Yesterday, I watched the Hobbit Marathon at my local movie theater. That’s right, all three movies in a row. It started at 3:00 in the afternoon and ended at midnight. Not an easy day, but well worth it. Like so many others, I really like the Hobbit.
To me, what I find most appealing about the Hobbit isn’t the exotic setting of Middle Earth. It’s not the orcs, dwarves, elves, Gandalf, Gollum, The Lonely Mountain, Bilbo, or even the ring. It’s something much more profound than anything we see or experience on the screen or read in the book.
It’s the story behind the story.
The real story of the Hobbit is the story about a friendship and not the ones between the characters in the book, but the one between its author, J.R.R. Tolkien, and his friend C.S. Lewis.
It took Tolkien at least seven years to write the Hobbit, probably longer. As he was writing it, he shared chapters with his friend, Lewis. Lewis, the author of The Chronicles of Narnia, loved it and encouraged Tolkien to keep writing and above all to complete it even though Tolkien had doubts. In 1937, after nearly a decade of struggle and great effort, the Hobbit was completed and went to print. This story may seem like nothing out of the ordinary, until Tolkien stated publically that had it not been for Lewis’ friendship and encouragement he never would have completed the Hobbit.
Can you imagine?
All credit must go to Tolkien for an incredible story.
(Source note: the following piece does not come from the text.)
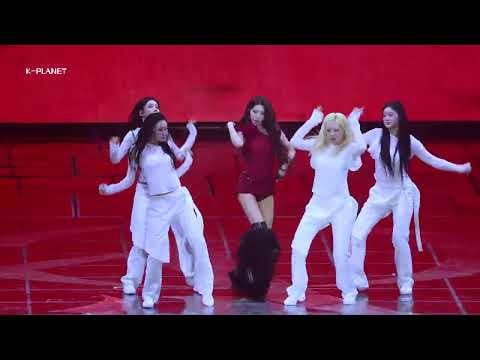 251031 IVE - الظهور المباشر الأول لجميع الأعضاء: Wonyoung Eight، Rei In Your Heart، Liz Unreal، Gaeul ODD، Leeseo Super Icy، Yujin FORCE @ IVE WORLD TOUR SHOW WHAT I AM (Fancams عبر @K-PLANET-FANCAM)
After all, he created the world of Middle Earth, spent decades of his life writing something that millions have enjoyed, yet we only have it because his friend encouraged him.
Isn’t it funny how the big things in life often hinge on the little actions of others?
Knowing this, it doesn’t surprise me that, when asked to name the most important character in the Lord of The Rings – the follow up books to the Hobbit, Tolkien would surprise everyone by saying that of course it was Sam, Frodo’s hobbit companion.
Most would have said that it was Aragon, Gandalf, Legolas, or some other powerful and great warrior. But Tolkien explained that had it not been for Sam the quest would have failed. In fact, had Sam not stayed with and encouraged Frodo to push on, to not give up, to even physically carry him when Frodo was unable to go any further, that Middle Earth would have been lost.
In the end it was friendship that saved the day.
We can be lots of things in this world such as a parent, teacher, police officer, principal, and so on. But we should also be a friend and never forget that the simple gift of friendship has the ability to transform the world.